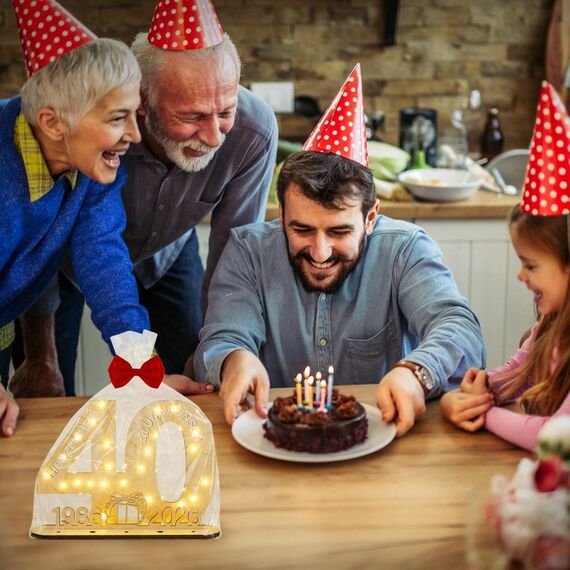 Seutgjie Originelle Geschenk 40 Geburtstag Frauen Männer 1986-2026, Deko 40 Jahre Geburtstag Jubiläum Rubinhochzeit, Geldgeschenke Geburtstag 40 Holz Schild mit LED Lichterkette Geschenkpapier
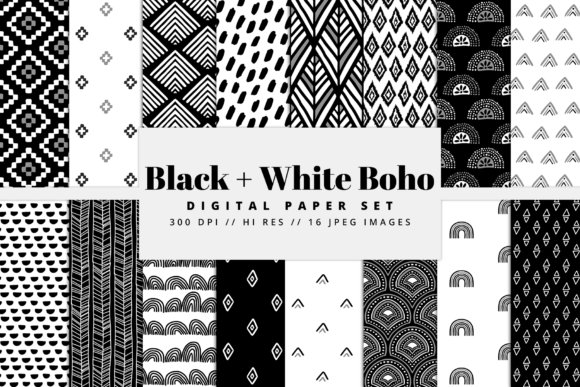 Download Black and White Boho Digital Paper Set - Paper Collection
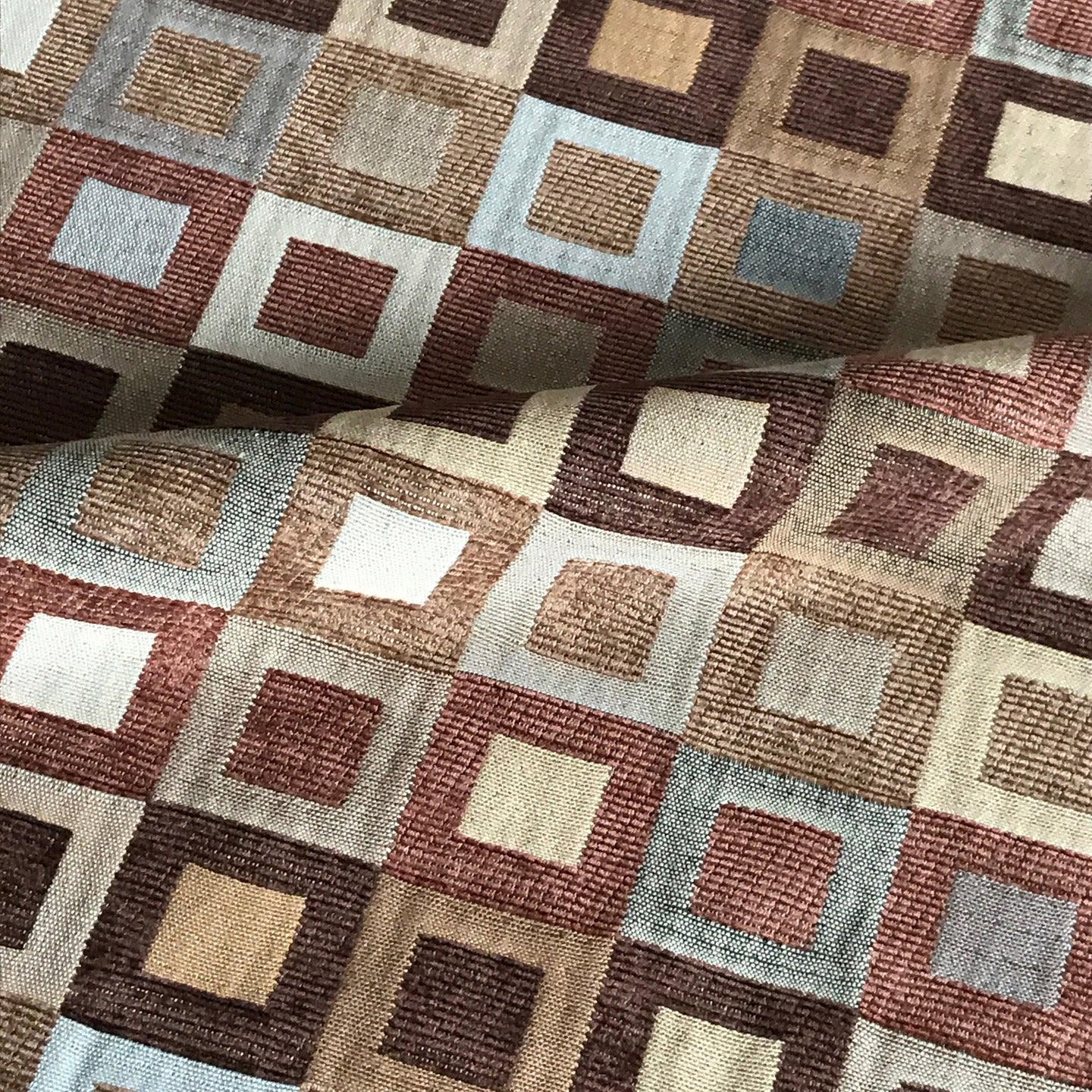 Fall Hued Check Box Velvet Upholstery Fabric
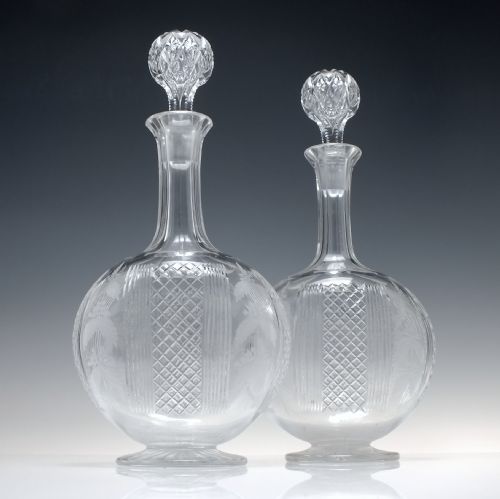 PAIR OF CUT AND ENGRAVED VICTORIAN WINE DECANTERS C1880 - ADDITIONAL PHOTO 1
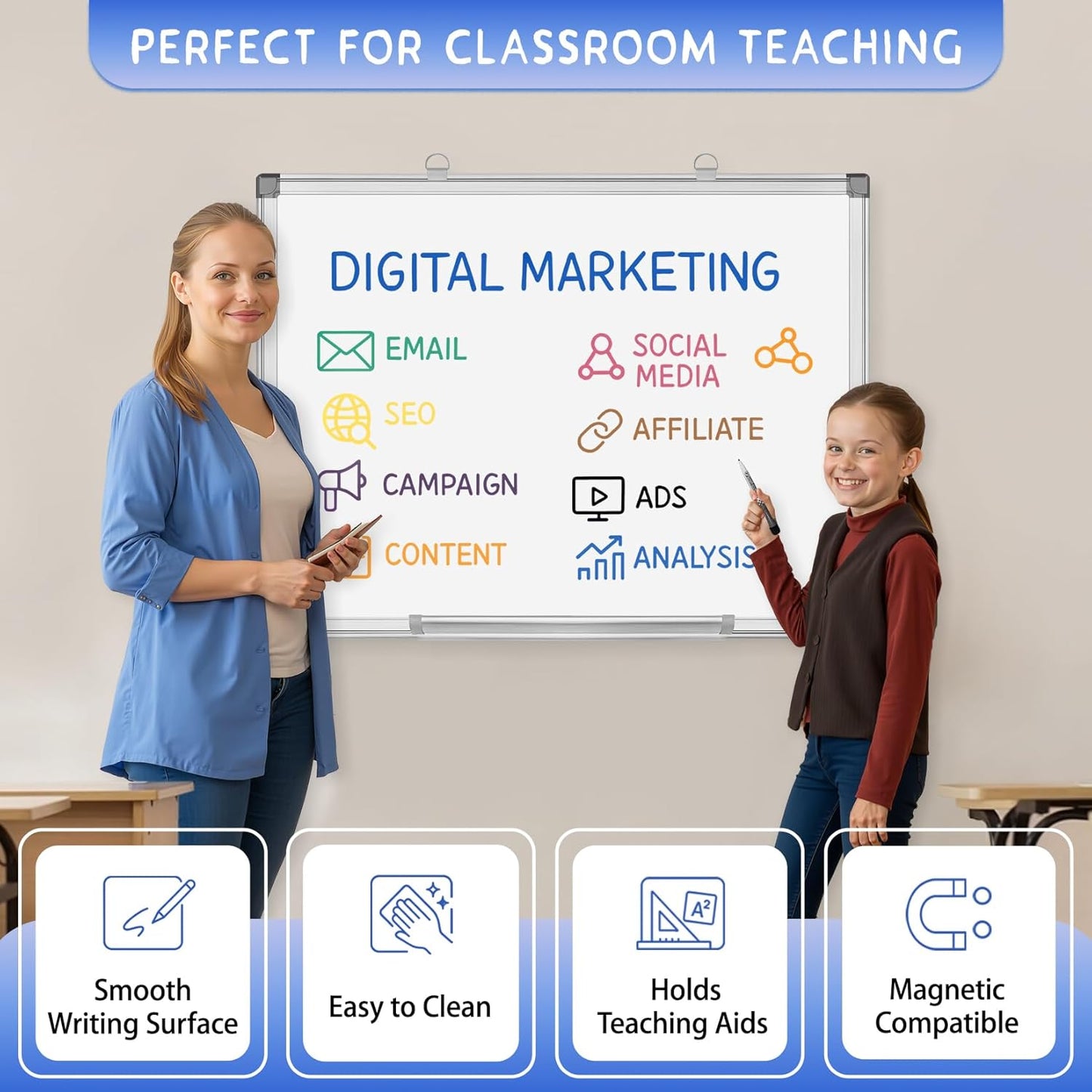 Grtard White Board Dry Erase, 24" x 18" Magnetic Dry Erase Boards, Hanging Magnetic Whiteboard with Marker and Magnets, Dry Erase Board for Wall, Large White Boards Dry Erase for School, Office, Home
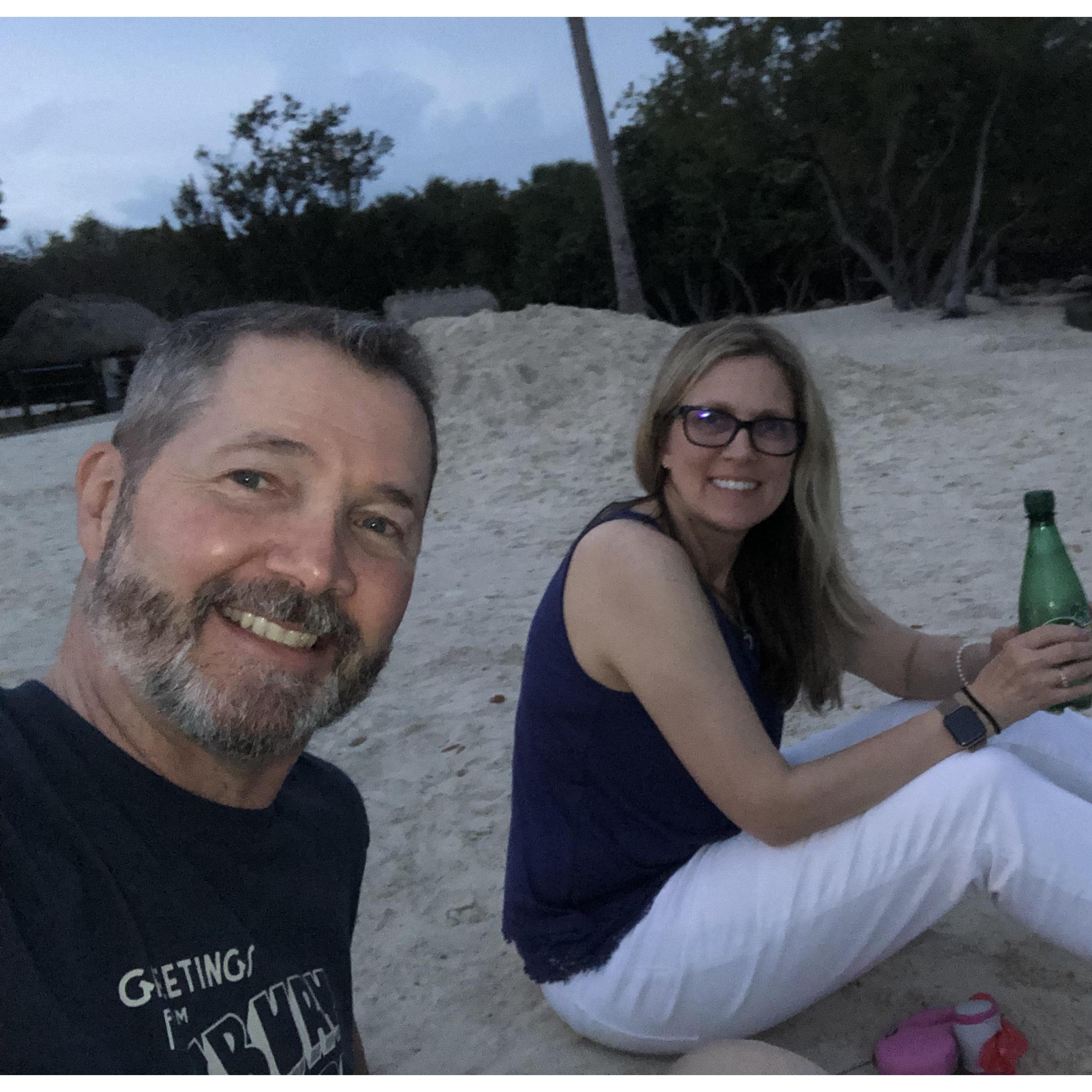 We both love palm trees and sunshine --visiting Kathy's mom in Islamorada!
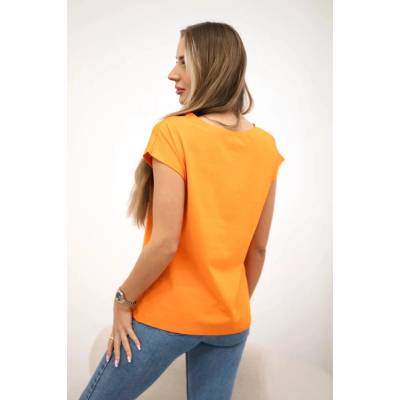 ! Kesi Blouse with orange lip print šedá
**********
Task brief :: Nothing but the lines from the start of the records above through the line with "Download Black and" should be retyped, each exactly as written; leave out all pictures.

Solution to the exercise ::
 Seutgjie Originelle Geschenk 40 Geburtstag Frauen Männer 1986-2026, Deko 40 Jahre Geburtstag Jubiläum Rubinhochzeit, Geldgeschenke Geburtstag 40 Holz Schild mit LED Lichterkette Geschenkpapier
 Download Black and White Boho Digital Paper Set - Paper Collection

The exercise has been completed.